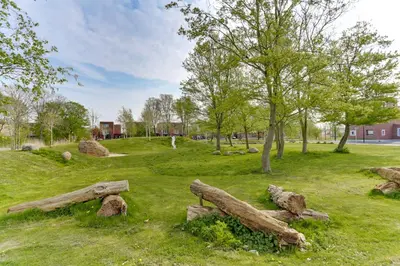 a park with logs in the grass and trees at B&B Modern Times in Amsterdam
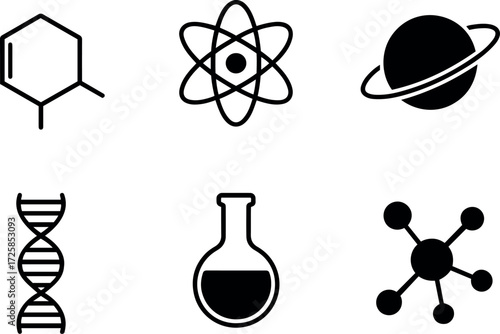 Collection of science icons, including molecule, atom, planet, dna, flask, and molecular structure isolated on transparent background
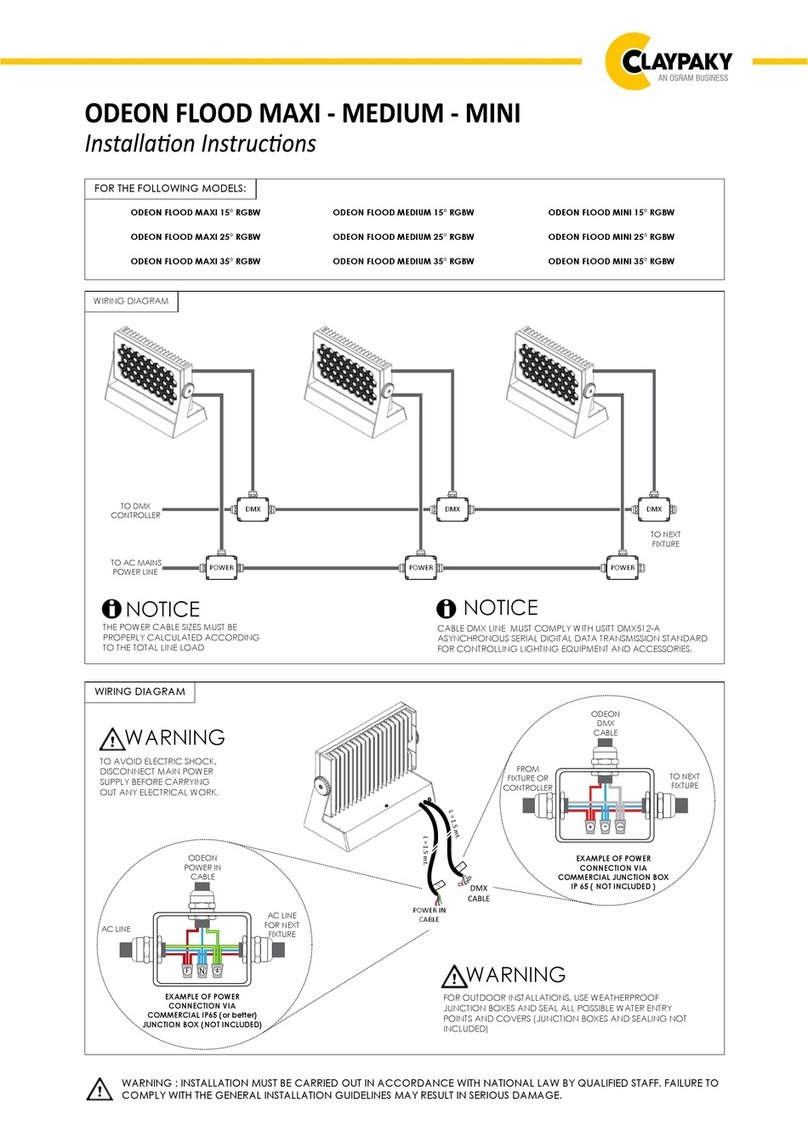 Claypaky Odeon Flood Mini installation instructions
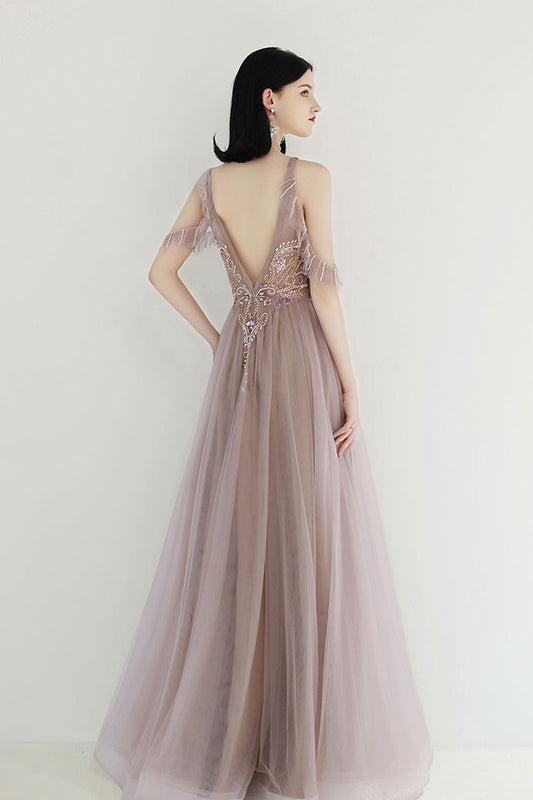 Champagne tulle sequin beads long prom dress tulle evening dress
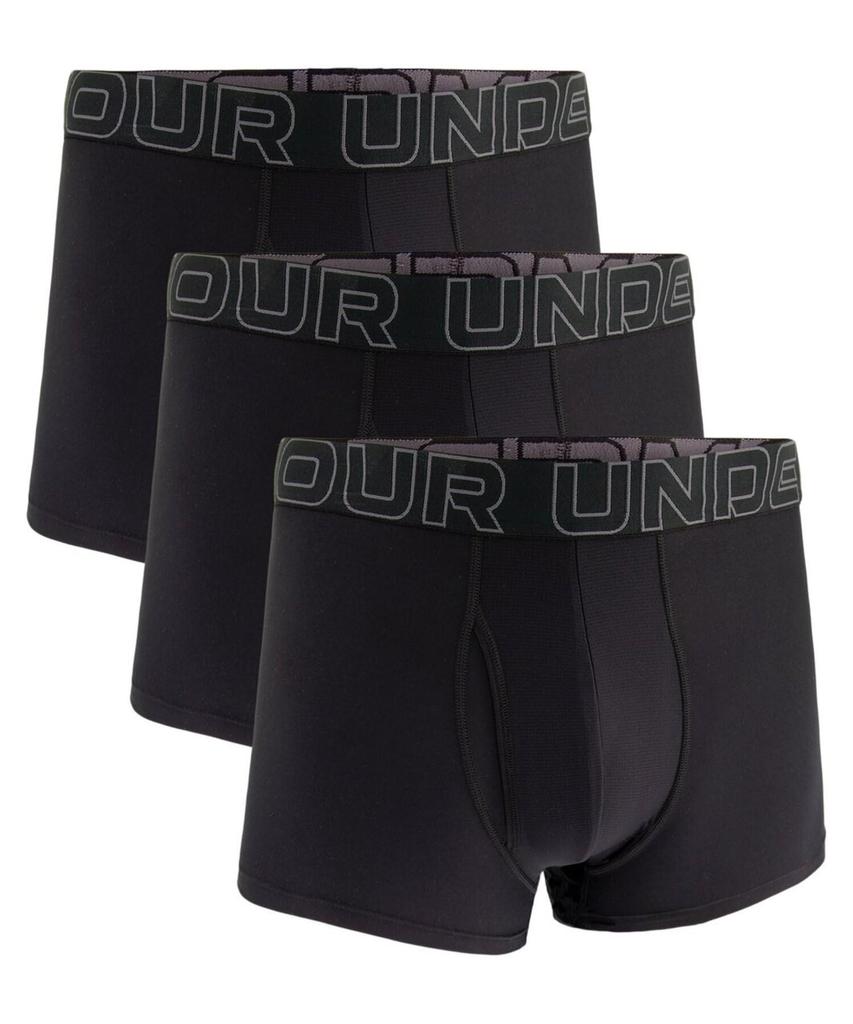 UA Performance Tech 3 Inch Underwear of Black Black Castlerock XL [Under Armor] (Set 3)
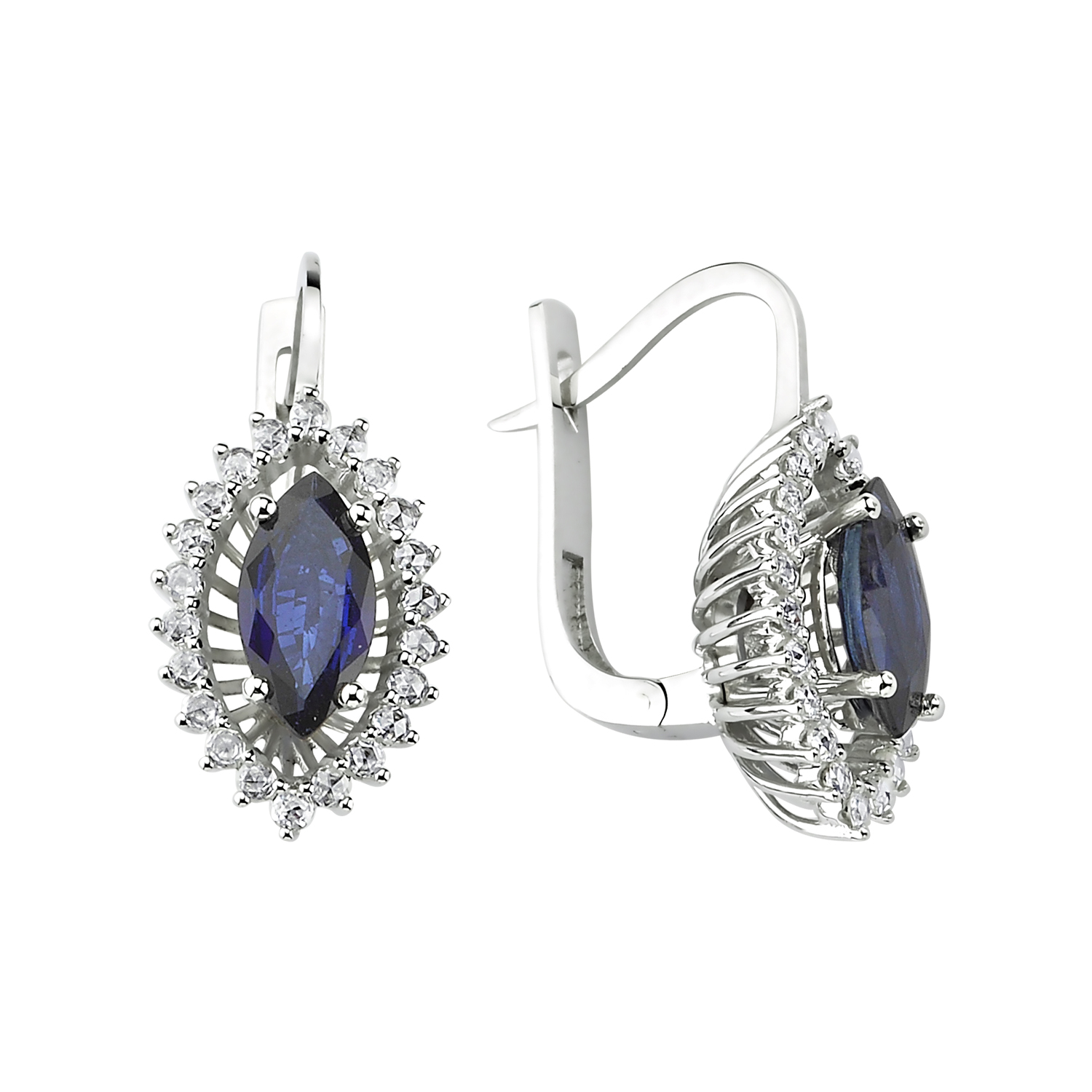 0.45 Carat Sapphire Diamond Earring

+ + +

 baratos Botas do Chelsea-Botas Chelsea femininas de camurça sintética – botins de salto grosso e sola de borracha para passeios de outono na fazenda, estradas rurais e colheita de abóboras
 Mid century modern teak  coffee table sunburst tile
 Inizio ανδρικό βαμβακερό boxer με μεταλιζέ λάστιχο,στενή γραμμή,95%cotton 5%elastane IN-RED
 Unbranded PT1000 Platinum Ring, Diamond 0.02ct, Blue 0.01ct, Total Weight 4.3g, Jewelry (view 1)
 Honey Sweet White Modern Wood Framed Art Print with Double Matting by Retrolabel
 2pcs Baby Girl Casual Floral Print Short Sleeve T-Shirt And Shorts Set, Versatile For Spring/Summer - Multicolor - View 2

+ + +

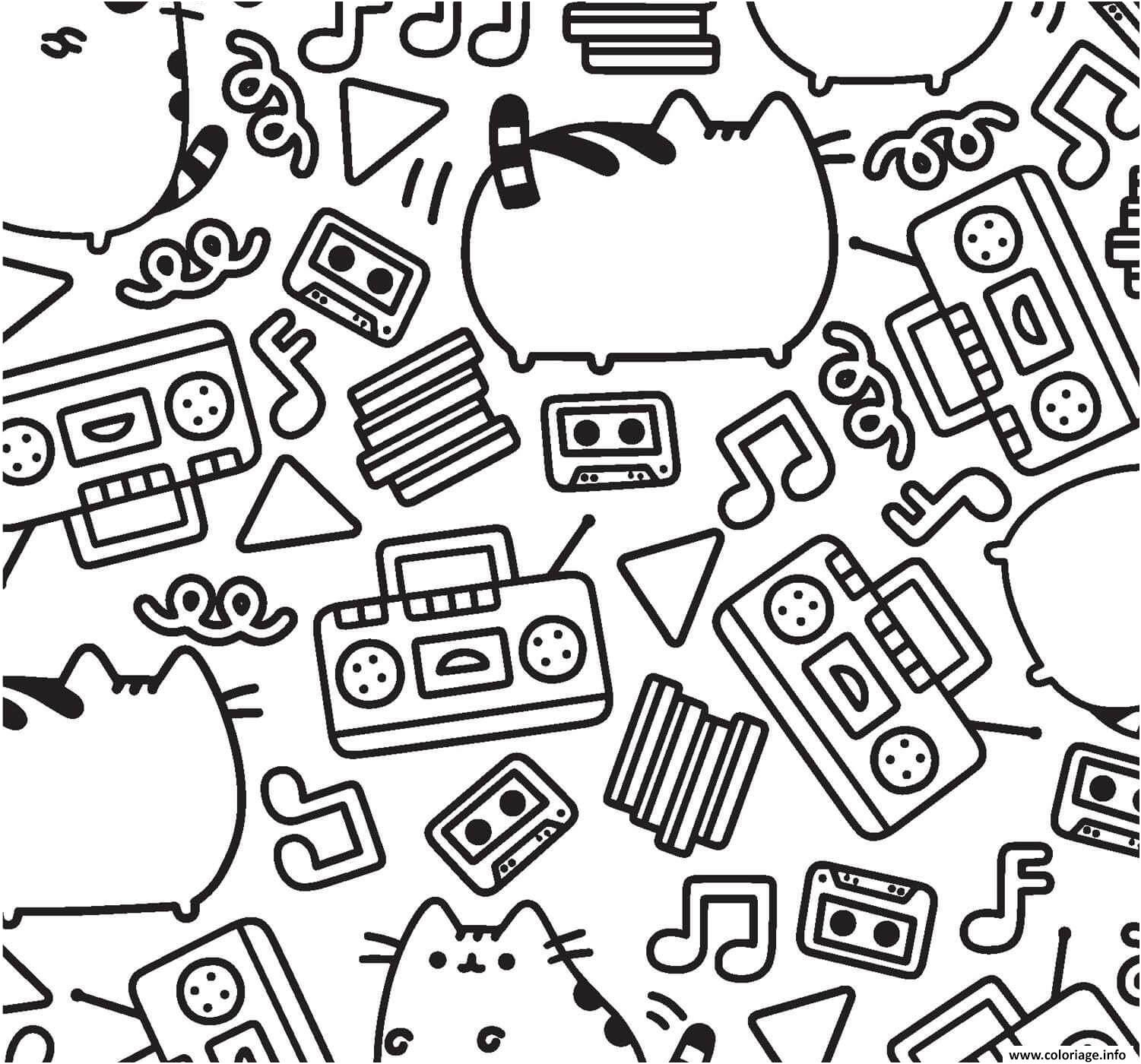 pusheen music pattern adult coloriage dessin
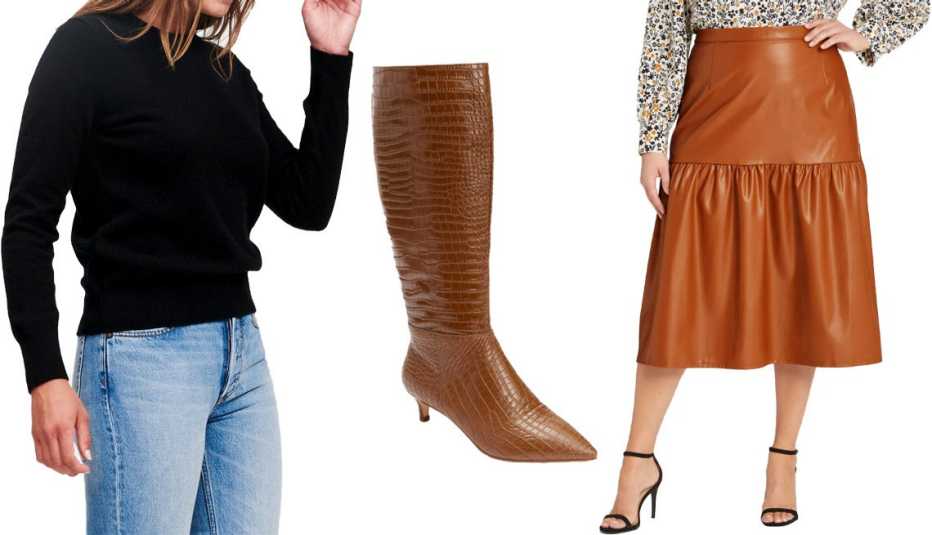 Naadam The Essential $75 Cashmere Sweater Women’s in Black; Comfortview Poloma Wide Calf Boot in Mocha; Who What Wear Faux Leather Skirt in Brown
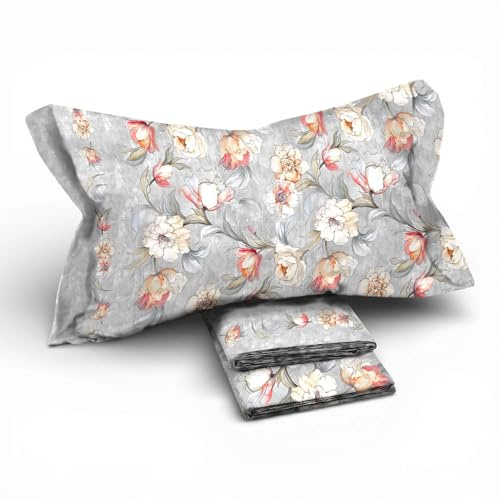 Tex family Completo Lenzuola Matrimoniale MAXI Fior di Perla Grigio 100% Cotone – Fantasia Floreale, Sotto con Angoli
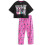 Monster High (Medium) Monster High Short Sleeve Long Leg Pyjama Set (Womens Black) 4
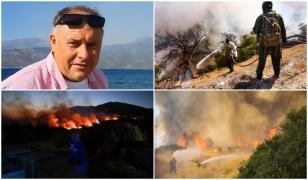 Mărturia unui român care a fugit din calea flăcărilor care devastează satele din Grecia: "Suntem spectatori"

+ + +

[Work to complete]: Within the listing above, extract exactly the lines from the line with "baratos Botas do" to the line with "2pcs Baby Girl", the two named lines included, and no others.

[Written response]:
 baratos Botas do Chelsea-Botas Chelsea femininas de camurça sintética – botins de salto grosso e sola de borracha para passeios de outono na fazenda, estradas rurais e colheita de abóboras
 Mid century modern teak  coffee table sunburst tile
 Inizio ανδρικό βαμβακερό boxer με μεταλιζέ λάστιχο,στενή γραμμή,95%cotton 5%elastane IN-RED
 Unbranded PT1000 Platinum Ring, Diamond 0.02ct, Blue 0.01ct, Total Weight 4.3g, Jewelry (view 1)
 Honey Sweet White Modern Wood Framed Art Print with Double Matting by Retrolabel
 2pcs Baby Girl Casual Floral Print Short Sleeve T-Shirt And Shorts Set, Versatile For Spring/Summer - Multicolor - View 2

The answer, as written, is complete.